● **Your objective**: Lines to return, exactly: from the line with "Besties Katie Kush" to the line with "студия, 50.3 м², 2 этаж" in the entries below, both included.

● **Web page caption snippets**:
'''
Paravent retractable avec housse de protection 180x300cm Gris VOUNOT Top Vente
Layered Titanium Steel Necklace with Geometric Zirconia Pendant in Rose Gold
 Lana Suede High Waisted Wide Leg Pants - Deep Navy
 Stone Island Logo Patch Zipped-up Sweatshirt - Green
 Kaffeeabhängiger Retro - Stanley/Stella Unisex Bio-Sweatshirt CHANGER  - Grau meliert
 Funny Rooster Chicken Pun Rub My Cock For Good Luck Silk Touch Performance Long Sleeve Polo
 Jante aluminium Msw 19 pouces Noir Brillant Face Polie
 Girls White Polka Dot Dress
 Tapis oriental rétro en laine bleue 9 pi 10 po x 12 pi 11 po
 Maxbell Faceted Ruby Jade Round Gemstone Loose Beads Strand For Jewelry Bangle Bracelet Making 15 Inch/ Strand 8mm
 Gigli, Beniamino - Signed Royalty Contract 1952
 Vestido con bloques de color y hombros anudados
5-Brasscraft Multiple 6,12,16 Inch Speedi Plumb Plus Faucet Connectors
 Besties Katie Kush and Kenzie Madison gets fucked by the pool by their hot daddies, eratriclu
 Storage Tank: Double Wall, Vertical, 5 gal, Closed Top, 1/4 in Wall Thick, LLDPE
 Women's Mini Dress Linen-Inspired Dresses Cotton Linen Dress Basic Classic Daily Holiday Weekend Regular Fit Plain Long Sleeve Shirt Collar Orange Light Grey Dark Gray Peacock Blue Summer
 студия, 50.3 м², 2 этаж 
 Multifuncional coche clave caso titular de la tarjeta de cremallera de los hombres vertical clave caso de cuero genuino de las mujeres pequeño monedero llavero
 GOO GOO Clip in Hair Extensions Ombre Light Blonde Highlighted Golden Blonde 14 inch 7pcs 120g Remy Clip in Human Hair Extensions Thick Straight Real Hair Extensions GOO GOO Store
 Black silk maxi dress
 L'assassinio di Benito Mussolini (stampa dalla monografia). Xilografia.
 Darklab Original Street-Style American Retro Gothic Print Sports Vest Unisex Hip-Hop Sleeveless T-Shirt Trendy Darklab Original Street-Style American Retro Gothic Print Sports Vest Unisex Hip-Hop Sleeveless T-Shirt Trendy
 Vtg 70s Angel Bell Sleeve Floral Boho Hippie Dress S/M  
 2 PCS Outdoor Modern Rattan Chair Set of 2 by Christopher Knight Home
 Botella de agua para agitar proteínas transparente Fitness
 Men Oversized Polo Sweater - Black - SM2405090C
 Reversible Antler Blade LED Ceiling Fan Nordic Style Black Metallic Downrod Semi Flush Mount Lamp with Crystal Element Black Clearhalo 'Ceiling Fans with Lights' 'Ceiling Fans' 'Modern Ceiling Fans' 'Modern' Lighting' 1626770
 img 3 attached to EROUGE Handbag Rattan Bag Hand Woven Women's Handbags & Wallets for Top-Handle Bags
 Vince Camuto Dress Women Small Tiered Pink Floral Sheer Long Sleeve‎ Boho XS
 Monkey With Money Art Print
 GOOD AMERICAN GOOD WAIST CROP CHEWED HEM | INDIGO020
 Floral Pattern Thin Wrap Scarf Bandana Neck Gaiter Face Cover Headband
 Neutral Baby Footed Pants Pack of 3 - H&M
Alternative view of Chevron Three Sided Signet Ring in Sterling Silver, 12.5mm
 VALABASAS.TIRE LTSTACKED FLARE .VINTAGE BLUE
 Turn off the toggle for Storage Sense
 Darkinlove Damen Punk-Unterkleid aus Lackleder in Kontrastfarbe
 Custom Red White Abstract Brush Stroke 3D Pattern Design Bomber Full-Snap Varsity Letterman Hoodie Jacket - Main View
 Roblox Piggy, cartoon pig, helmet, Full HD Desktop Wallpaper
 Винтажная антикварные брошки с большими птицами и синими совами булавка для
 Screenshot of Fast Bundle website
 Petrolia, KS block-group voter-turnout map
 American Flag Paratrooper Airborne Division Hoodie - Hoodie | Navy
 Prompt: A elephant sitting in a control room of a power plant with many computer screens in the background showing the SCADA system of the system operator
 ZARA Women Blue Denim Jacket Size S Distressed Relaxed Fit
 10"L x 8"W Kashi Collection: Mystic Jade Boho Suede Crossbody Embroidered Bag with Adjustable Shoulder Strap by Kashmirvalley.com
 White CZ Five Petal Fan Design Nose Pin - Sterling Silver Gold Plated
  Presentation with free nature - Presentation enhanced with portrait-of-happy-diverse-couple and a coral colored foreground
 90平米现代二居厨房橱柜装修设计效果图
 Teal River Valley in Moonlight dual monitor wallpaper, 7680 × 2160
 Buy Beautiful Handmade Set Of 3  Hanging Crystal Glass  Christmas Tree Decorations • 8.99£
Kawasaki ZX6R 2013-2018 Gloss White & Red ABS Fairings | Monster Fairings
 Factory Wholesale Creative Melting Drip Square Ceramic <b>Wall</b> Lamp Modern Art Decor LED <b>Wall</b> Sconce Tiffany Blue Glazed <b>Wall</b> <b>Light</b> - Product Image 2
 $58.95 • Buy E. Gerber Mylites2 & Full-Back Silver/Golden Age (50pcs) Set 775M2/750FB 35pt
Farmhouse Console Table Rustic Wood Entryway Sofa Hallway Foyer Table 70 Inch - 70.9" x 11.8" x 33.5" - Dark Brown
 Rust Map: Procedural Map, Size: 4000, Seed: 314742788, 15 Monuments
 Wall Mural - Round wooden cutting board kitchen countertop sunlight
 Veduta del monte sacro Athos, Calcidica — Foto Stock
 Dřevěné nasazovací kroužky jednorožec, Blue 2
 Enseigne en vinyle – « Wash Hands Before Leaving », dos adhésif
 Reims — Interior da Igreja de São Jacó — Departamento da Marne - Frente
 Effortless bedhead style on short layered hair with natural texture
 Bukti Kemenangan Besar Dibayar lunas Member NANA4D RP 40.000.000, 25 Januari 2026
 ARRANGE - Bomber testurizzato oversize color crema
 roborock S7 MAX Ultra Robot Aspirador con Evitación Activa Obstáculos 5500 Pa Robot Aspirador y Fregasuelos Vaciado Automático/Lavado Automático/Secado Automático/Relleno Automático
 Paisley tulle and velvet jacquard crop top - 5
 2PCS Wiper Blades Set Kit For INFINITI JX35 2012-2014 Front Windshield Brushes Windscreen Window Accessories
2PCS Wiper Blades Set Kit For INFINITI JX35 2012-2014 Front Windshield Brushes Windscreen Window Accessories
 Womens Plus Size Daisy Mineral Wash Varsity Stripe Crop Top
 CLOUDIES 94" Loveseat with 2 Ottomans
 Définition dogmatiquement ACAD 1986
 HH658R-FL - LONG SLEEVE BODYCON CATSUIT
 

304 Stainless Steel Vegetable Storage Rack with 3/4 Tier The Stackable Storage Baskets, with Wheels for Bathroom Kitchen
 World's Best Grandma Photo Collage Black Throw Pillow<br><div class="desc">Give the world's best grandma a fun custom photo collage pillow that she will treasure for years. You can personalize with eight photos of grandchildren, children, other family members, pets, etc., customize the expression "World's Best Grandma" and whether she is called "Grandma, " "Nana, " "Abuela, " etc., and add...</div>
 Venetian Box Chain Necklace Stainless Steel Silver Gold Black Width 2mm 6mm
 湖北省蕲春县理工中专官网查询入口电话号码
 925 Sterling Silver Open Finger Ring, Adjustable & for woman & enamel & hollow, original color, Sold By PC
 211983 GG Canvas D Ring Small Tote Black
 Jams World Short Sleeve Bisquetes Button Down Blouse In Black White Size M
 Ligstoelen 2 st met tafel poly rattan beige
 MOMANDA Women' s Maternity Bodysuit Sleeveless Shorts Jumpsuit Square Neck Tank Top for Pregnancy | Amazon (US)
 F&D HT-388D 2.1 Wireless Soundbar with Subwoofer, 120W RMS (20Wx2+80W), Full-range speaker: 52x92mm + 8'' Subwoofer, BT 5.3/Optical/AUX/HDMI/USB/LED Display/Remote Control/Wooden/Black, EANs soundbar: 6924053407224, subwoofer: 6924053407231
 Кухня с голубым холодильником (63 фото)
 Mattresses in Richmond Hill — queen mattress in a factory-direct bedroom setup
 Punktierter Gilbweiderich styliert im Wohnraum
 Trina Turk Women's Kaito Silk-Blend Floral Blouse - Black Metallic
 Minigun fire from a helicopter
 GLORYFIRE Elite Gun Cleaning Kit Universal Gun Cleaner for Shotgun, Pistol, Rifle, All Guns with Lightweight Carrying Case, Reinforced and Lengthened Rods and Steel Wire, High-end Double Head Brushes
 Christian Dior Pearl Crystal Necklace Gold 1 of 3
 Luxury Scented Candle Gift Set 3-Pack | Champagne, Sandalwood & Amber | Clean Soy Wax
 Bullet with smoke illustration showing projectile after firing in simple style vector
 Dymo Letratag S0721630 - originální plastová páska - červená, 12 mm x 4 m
'''
● **Answer space**:
 Besties Katie Kush and Kenzie Madison gets fucked by the pool by their hot daddies, eratriclu
 Storage Tank: Double Wall, Vertical, 5 gal, Closed Top, 1/4 in Wall Thick, LLDPE
 Women's Mini Dress Linen-Inspired Dresses Cotton Linen Dress Basic Classic Daily Holiday Weekend Regular Fit Plain Long Sleeve Shirt Collar Orange Light Grey Dark Gray Peacock Blue Summer
 студия, 50.3 м², 2 этаж 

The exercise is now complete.